General Job Failure and Slow Job Troubleshooting Tips

Problem

Datameer and Hadoop jobs are failing or seem to run slower than expected.
 

Solutions

The following list has troubleshooting tips to gain insights into why jobs are failing or have slower than expected performance. 

Check the job logs for clues:

  • Check logs for Datameer object run/execution errors.
  • Examine your job error handling strategy. (Is Datameer set to skip, ignore, or fail jobs due to an invalid record?)
  • Using the job ID from the job log, extract all the log activity from job tracker logs for the job ID in question.
  • From the job tracker logs, examine the tasks that were started, what task tracker the jobs were sent to, and if they completed successfully.
  • Check to find out how many times a specific task has been retried by using the task ID. Look to see if it was retried in the same task tracker.
  • Identify the task failures and the server where the job was assigned. Look at the task tracker logs for additional clues.

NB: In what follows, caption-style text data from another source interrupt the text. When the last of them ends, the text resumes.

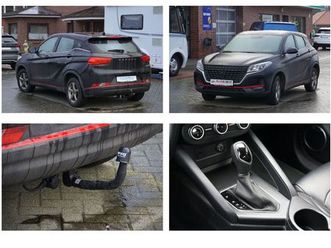 dfsk fengon 500 1,5 automatik tempomat navi cam bt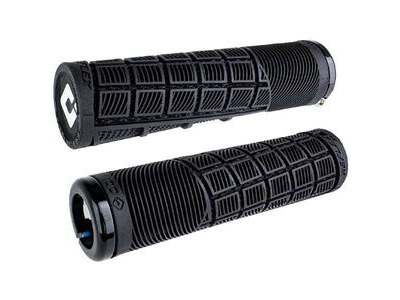 ODI Reflex XL MTB Lock On Grips 135mm - Black 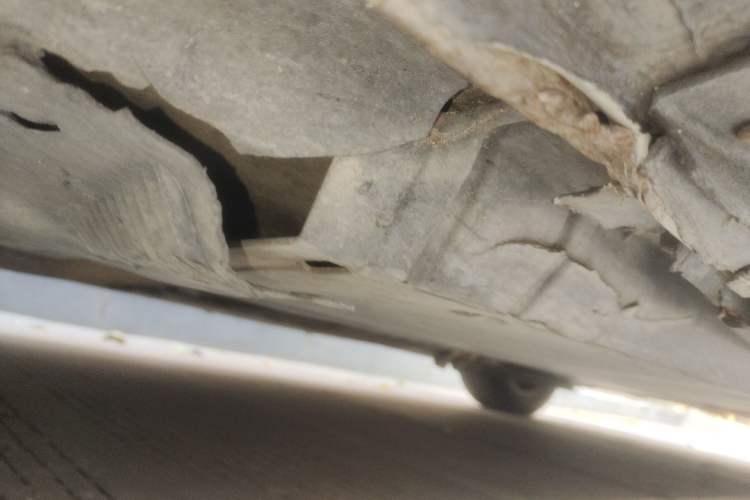 Used Audi A4L 2011 2.0 TFSI Comfort Model Chassis Front Left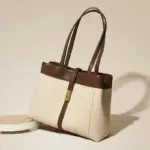 Heritage Canvas Work Tote - Image 11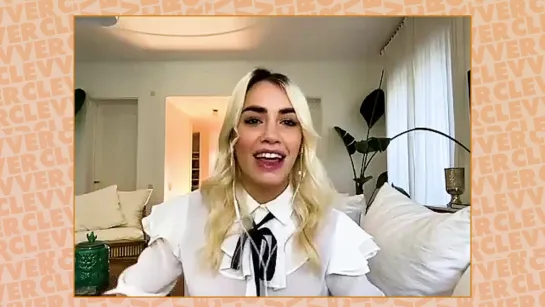 Lali Espósito Disfruta de Su Casa Por Primera Vez + Ama Los Postres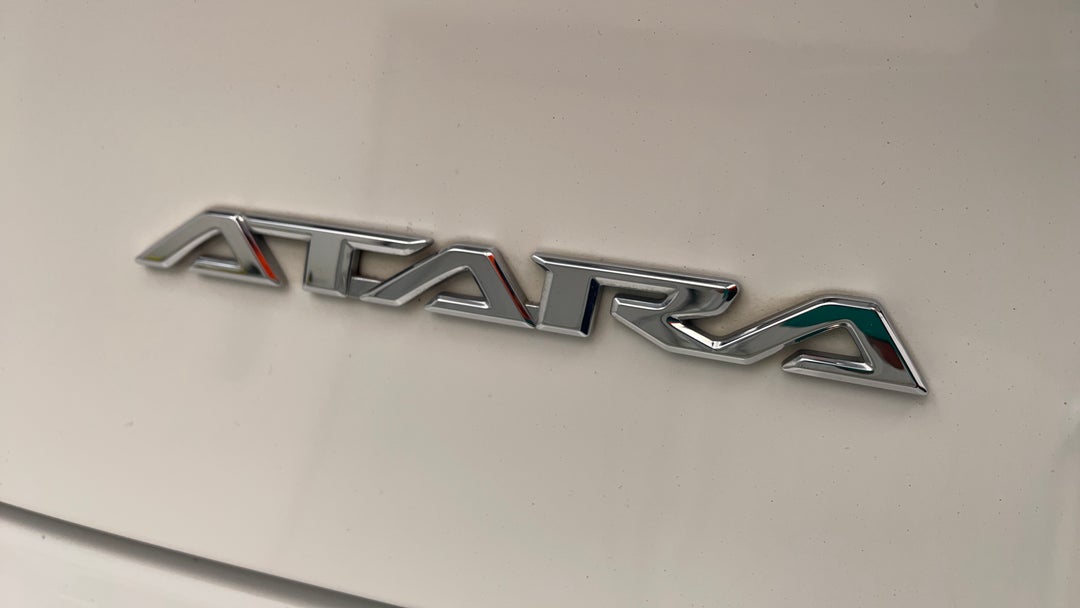 Badge (Boot Right Side)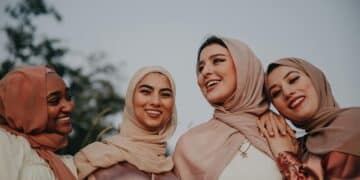5 Amazing Hijab Styles For Different Occasion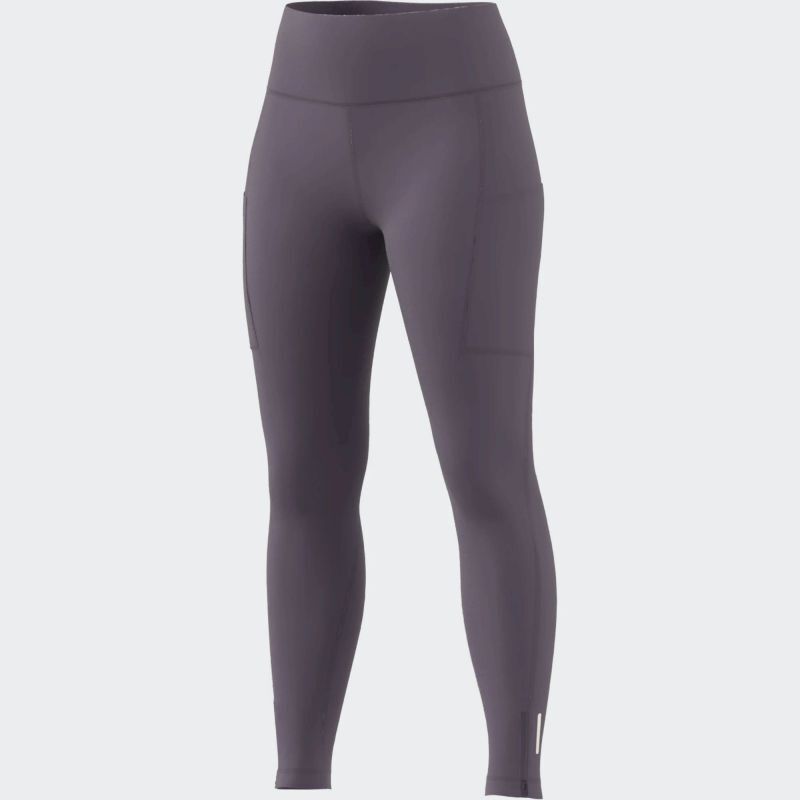 Pantaloni Yoga Donna Con Gamba Svasata | Leggings Floreali Comodi Per Allenamento, Corsa E Tempo Libero | Taglia L, Nero - Foto 9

Job tracker logs tell a story. Using the job ID you can track the task activity and dig from there.

 

Check system resources:

  • Jobs may seem to be executing slow than usual. This could be due to resource allocation. If no obvious task failures are populated in logs, tasks could be waiting for available resources before executing.

Note:

To access a job log in Datameer, you must have read permission for the job.

To access the node manager logs on your Hadoop cluster, you must have Hadoop administrator permissions.